Anonymous Hackers Claim To Release One Million Apple Devices' Unique Identifiers Stolen From FBI

Anonymous has a way of releasing massive collections of information that raise many more questions than they answer.

Case in point: The segment of the hacker group that calls itself Antisec announced that it had dumped 1,000,001 unique device identifier numbers or UDIDs for Apple devices–the fingerprints that Apple, apps and ad networks use to identify the iPhone and iPads of individual users–that it claims to have stolen from the FBI. In a long statement posted with links to the data on the upload site Pastebin, the hackers said they had taken the Apple data from a much larger database of more than 12 million users’ personal information stored on an FBI computer.

While there’s no easy way to confirm the authenticity or the source of the released data, I downloaded the encrypted file and decrypted it, and it does seem to be an enormous list of 40-character strings made up of numbers and the letters A through F, just like Apple UDIDs. Each string is accompanied by a longer collection of characters that Anonymous says is an Apple Push Notification token and what appears to be a username and an indication as to whether the UDID is attached to an iPad, iPhone or iPod touch.

In their message, posted initially in the Anonymous twitter feed AnonymousIRC, the hackers say they used a vulnerability in Java to access the data on an FBI Dell laptop in March of this year.

They say the database included not only the UDIDs, but also “user names, name of device, type of device, Apple Push Notification Service tokens, zipcodes, cellphone numbers, addresses, etc.” Anonymous claims that the amount of data about each users was highly variable, and that it only released enough data to the public “to help a significant amount of users to look if their device are listed there or not.”

The Antisec statement also took the opportunity to mock the recent appearance of NSA Director and General Keith Alexander at the hacker conference Defcon, where he made a recruiting pitch to attendees. “It was an amusing hypocritical attempt made by the system to flatter hackers into becoming tools for the state,” Anonymous’ statement reads. “We decided we’d help out Internet security by auditing FBI first.”
If the UDIDs are determined to be real, just what that means about law enforcement and Apple users’ privacy isn’t entirely clear.

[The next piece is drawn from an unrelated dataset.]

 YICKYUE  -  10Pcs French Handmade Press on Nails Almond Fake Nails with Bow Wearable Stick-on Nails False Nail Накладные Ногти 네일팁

Much more than passwords or even email addresses, UDIDs are already spread around the Internet by app developers and advertisers–a study by one privacy researcher in 2011 found that 74% of the apps he tested sent a user’s UDID to a remote server. But the same researcher also found that five out of seven social gaming networks he tested allowed users to log in with only their UDID, making a stolen UDID equivalent to a stolen password.

“We never liked the concept of UDIDs since the beginning indeed,” reads the Anonymous statement. “Really bad decision from Apple. Fishy thingie.”
Due perhaps to the privacy concerns around UDIDs’ proliferation, Apple stopped allowing new iOS apps to track UDIDs earlier this year.

Regardless, if the FBI has in fact collected 12 million Apple UDIDs–or even just one million–it will have some explaining to do to privacy advocates. In its release, Anonymous argues that the massive dump of users’ personal information, which it says has been stripped of many of the most identifying details, is designed raise awareness of the FBI’s alleged gadget-tracking shenanigans. “…We will probably see their damage control teams going hard lobbying media with bullshits to discredit this,” the statement reads at one point. “But well, whatever, at least we tried and eventually, looking at the massive number of devices concerned, someone should care about it.”

For now, Anonymous refuses to answer more questions about its release–at least from the press. Before granting any interviews, it’s demanding that Gawker writer Adrian Chen, who has been especially critical of Anonymous, appears on Gawker’s home page in a “huge picture of him dressing a ballet tutu and shoe on the head.”